The AMD Execution Thread [2018]

CSI PC · Jan 16, 2018

Gubbi said:
One of the shortcomings of Bitcoin is that is much more effectively mined with special purpose ASICs than general purpose CPUs or GPUs. The barrier of entry for a miner who wants to economically mine Bitcoin is thus high. That's a problem, because the validity of the blockchain is chosen by majority and when you have few, big, miners your currency is vulnerable to a few big miners pooling their resources to get a majority (so called 51% attack).

The new currencies tries to mitigate this by shaping the workload so that it fits with the capabilities of hardware in widespread use. E.g. Etherum has a big (and growing) memory footprint, which renders ASICs worthless (because the cost is primarily in the memory subsystem). Mining is piggybacked onto existing hardware.
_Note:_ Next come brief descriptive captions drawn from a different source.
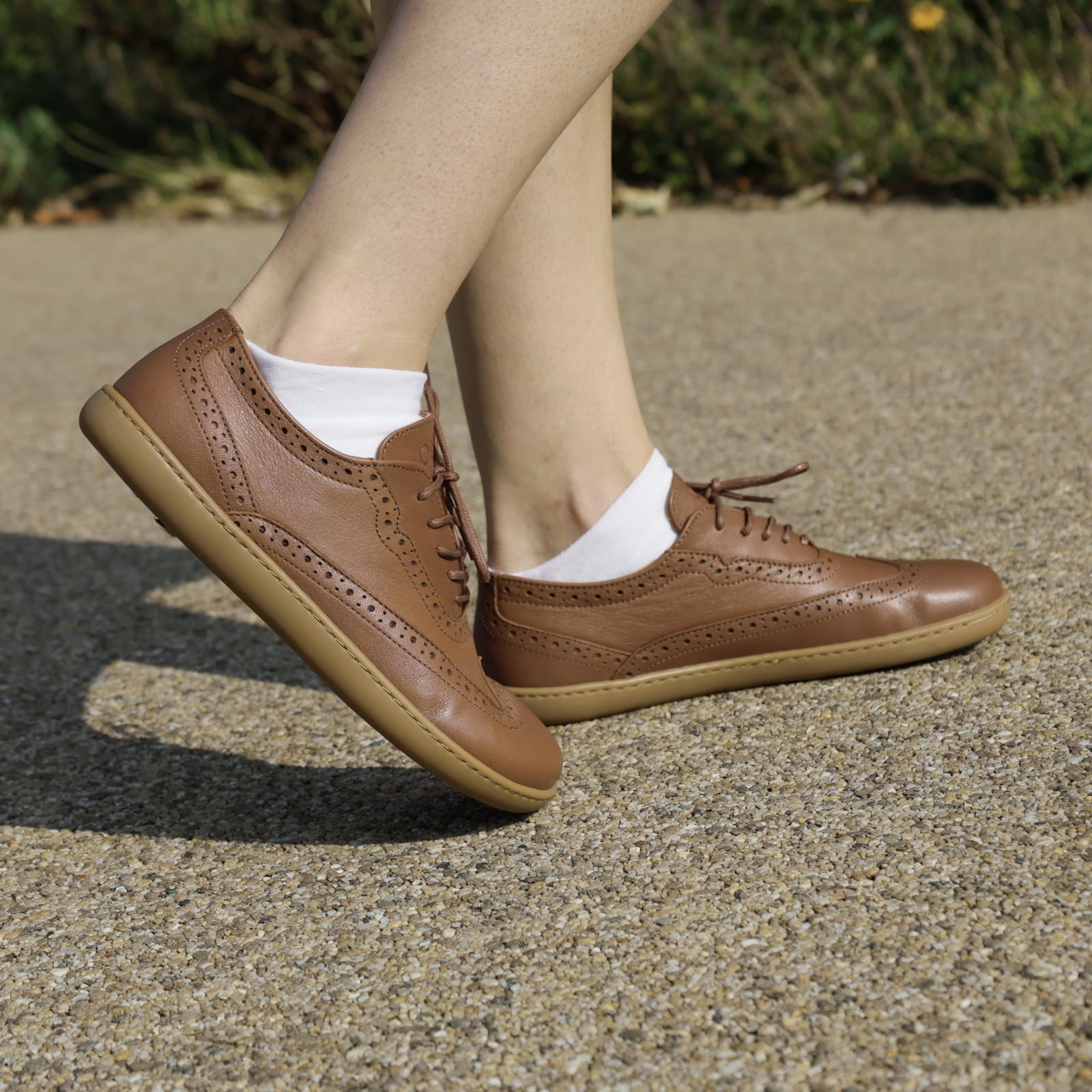 model standing outdoors wearing maple brogue barefoot shoes in tan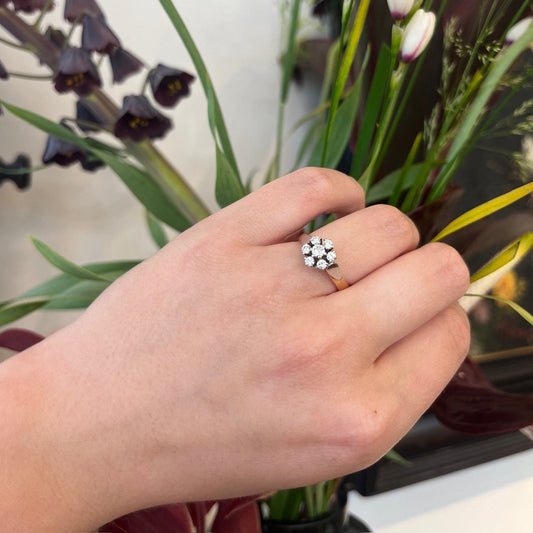 A diamond cluster ring in rose and white gold, modelled on a hand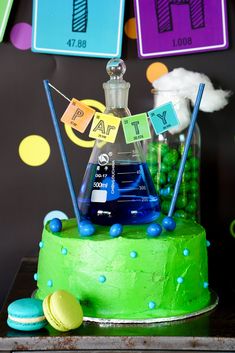 a science themed birthday cake with blue and green frosting on the bottom, topped with an experiment bottle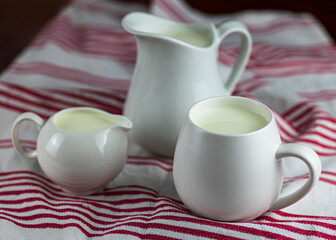 milk jugs on kitchen table with tea towel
As long as crypto currencies is an inflating market, we'll see big demand for hardware that mines well.

We'll just have to wait for the bubble to burst

Cheers

Or wait for the aliens to attack and knockout all electronics

That is why it is important to hide gold with a big X in the garden 4 paces away from a tree.... no-one will ever know its there and totally secure

OK more seriously, or until China/Russia decide Bitcoin/etc does not fit in with their views and destabilise such systems in multiple ways.

DmitryKo · Jan 17, 2018

ToTTenTranz said:
Making dedicated ASICs is too costly, risky and it would take too much time. Even if they had started to develop dedicated "blockchain-processor-units" (BPUs) back in mid-2017, a real product wouldn't be out until late 2019, and who knows if such a product would have demand by then.
As for SKUs with less video outputs and lower clocks, OEMs already have those and I think they weren't terribly successful because they didn't manage to properly optimize the voltages, they didn't make it significantly cheaper

Sorry, I don't think I'm being entirely clear. I'm not talking about a dedicated ASIC or a new 'BPU' architecture, or OEM cards with a custom board layout.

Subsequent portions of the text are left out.